Mercredi 19 février 2020

 

C'est à une promenade consacrée à quelques lieux de culte florentins et à leurs particularités que je vous convie religieusement. Rendez-vous d'abord à la basilique de Santa Croce avec sa façade inattendue et où il règne par ailleurs comme un petit air de liberté. Au même endroit nous attend le ciel jumeau de l'ancienne sacristie de San Lorenzo à l'intérieur de la chapelle des Pazzi. On découvrira aussi qu'à Florence, même les enfants avaient leur oratoire, puis nous ferons une halte à l'église Badia Fiorentina, avant de clore notre périple en passant par l'église de Santo Stefano al Ponte qui a pour voisin un superbe musée diocésain d'art sacré.

 

La basilique de Santa Croce qui donne sur la place Santa Croce est surprenante à plus d'un titre. A commencer par sa façade singulière qui dissimule la marque de Niccolo Matas, l'architecte d'Ancone, qui fut chargé, au milieu du 19è siècle, de parfaire l'image de ce lieu de culte. L'architecte ne trouva pas mieux que de dessiner une étoile de David dans le tympan, un symbole de la religion juive à laquelle il appartenait. Lui qui avait également conçu le cimetière monumental des Porte Sante, émettra le souhait d'être enterré face au portail d'entrée de la basilique, lieu de culte catholique.

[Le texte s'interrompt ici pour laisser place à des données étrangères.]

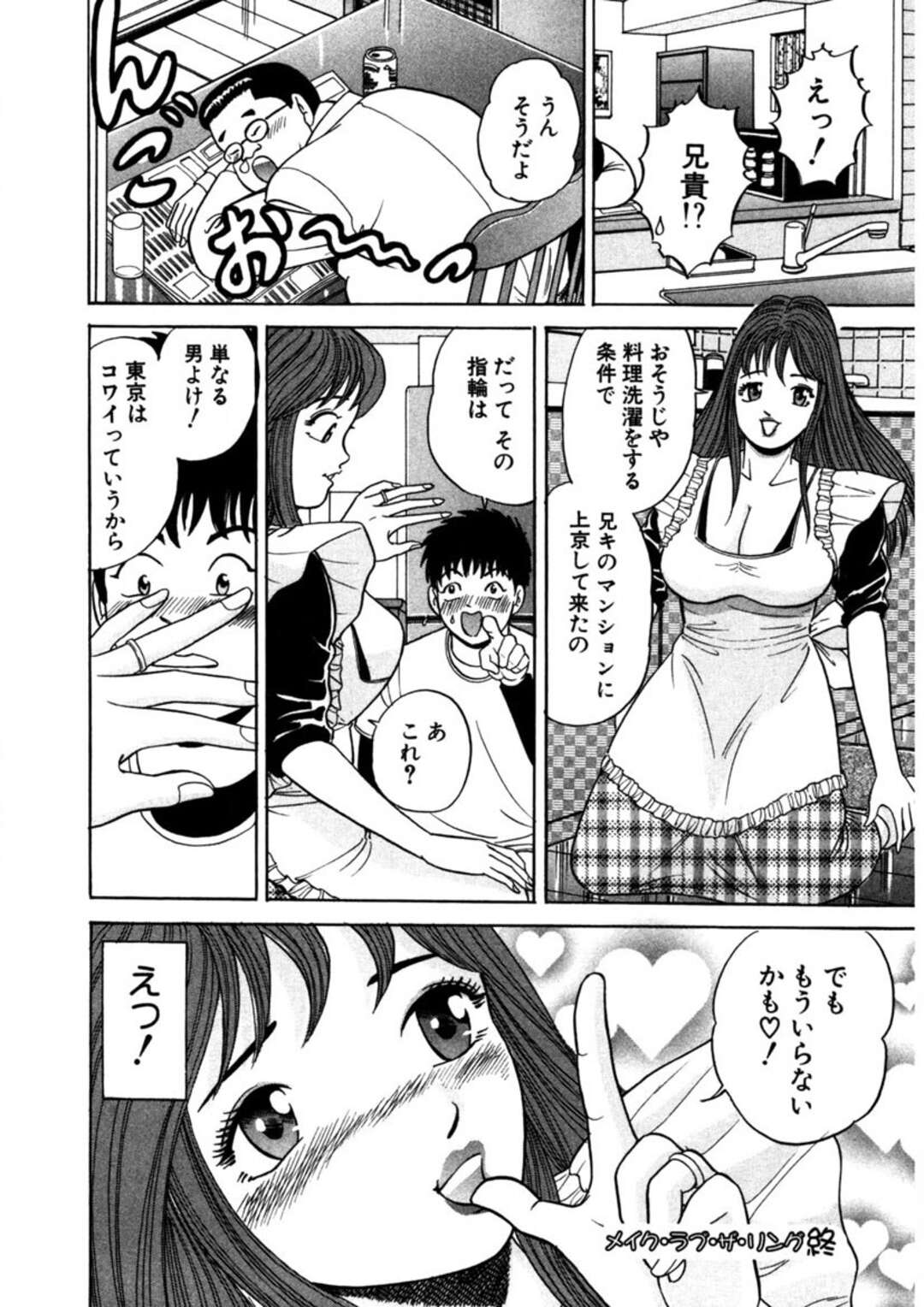 【エロ漫画】夫の前で息子にかくれて犯されちゃう母親…クンニや乳首舐めでトロ顔で絶頂イキしちゃう【さくらの輝：第１１話メイク・ラブ・ザ・リング】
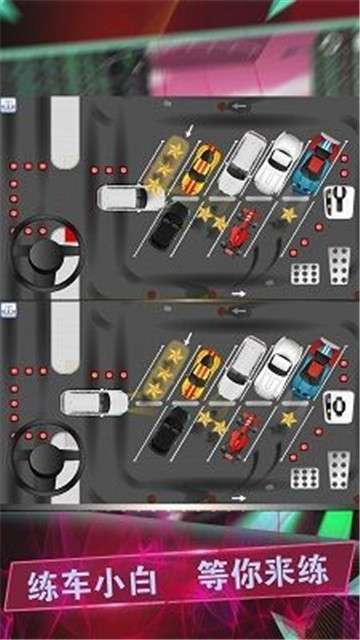 驾考模拟停车达人图3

L'édification du lieu débuta en 1294 sur des plans d'Arnolfo di Cambio, et le résultat donna la plus grande église franciscaine au monde. C'est le peuple et la république florentins qui assumèrent les frais de cette construction, laquelle s'éleva sur les restes d'une petite église bâtie en 1252 par les frères peu de temps après la mort de Saint-

François. Santa Croce sera constamment lié à l'histoire de la ville : durant 700 ans, elle jouera son rôle en acquérant le poste de municipe religieux pour les grandes familles et les corporations de la Florence médicéenne, mais aussi de laboratoire et d'atelier technique humaniste d'abord, puis renaissance plus tard, jusqu'à ouvrir un centre théologique. Le quartier fut de tous temps un lieu où se rencontrèrent les plus grands artistes, théologiens, religieux, hommes de lettres, humanistes et hommes politiques. Sans oublier ces grandes familles qui contribuèrent à faire de cette cité un lieu d'influence au Moyen-Age et à la Renaissance. Le couvent offrit un refuge à Saint Bonaventure, Saint Antoine de Padoue, St Bernardin de Sienne ou Saint Louis d'Anjou.


 

On peut y voir de nombreuses œuvres dont celles de Cenni di Pepo, alias Cimabue, peintre majeur de la pré-Renaissance, qui assurera le renouvellement de la peinture byzantine à travers l'introduction d'éléments d'art gothique, et un certain réalisme dans les représentations du corps de ses personnages. Je suis cependant surpris d'observer qu'une église aussi grande soit aussi vide. On me répondra que de nombreuses œuvres ont depuis quitté le lieu de culte pour rejoindre les musées de ville.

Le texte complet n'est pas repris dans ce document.